Yes, I do understand it.
But the statement in lines 166, 167: "For any initial j in range(2**i), repeating that 2**i times generates each int in range(2**i) exactly once" does not hold when the perturb is added. 2**i times will not be enough to generate all elements of the ring when some of multipliers are zero-divisors.
Specifically, if you use j=((5*j) + P + 1) mod 2**i, you are effectively multiplying by a zero divisors every time P = j mod 2. And I don't mean "mod 2**i." I do mean "mod 2." Which means anytime P (which changes a few times and eventually becomes 0), has the same parity as j, you are multiplying by a zero-divisor. Because P is eventually 0, you will go through all the values **eventually**. But for all values of P for which there is a P' such that P=/=P' and ((5*j) + P + 1) = ((5*j) + P' + 1) mod 2**i, the number of times you'll need to apply the function will be higher than 2**i. And that's in the worst case scenario.

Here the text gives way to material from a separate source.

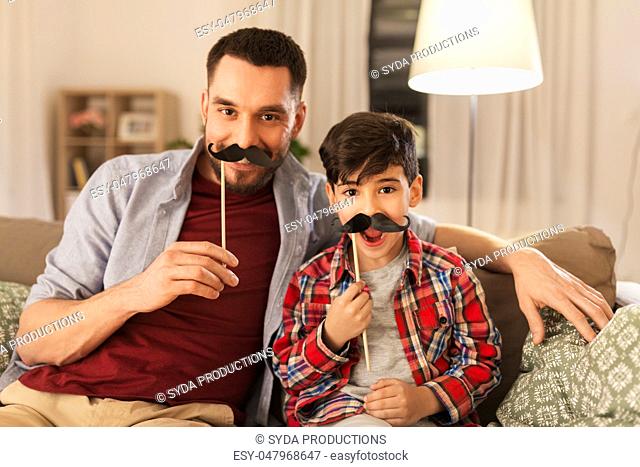 father and son with mustaches having fun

In the best case scenario, the collision probability can be gathered from looking at the values of my script printed by print_collision_counts(py3_6_1_lookdict_perturb). It can be as low as ~1/20 and as high as ~1/3 depending on the value of i.
The main speed up we are seeking is to avoid a collision early on. And we are less concerned about collisions later on. Anecdotally, if your dict has 256 buckets, then the chance of collision is 1 in ~3.5. Which is an improvement over 1 in 2, but still pretty high.
Ok, how about this: to avoid the edge cases, unroll the 1st secondary hash key to use j = 2*j + P + 1. So try to test for it before the loop. But leave 5*j + P + 1 in the loop as is.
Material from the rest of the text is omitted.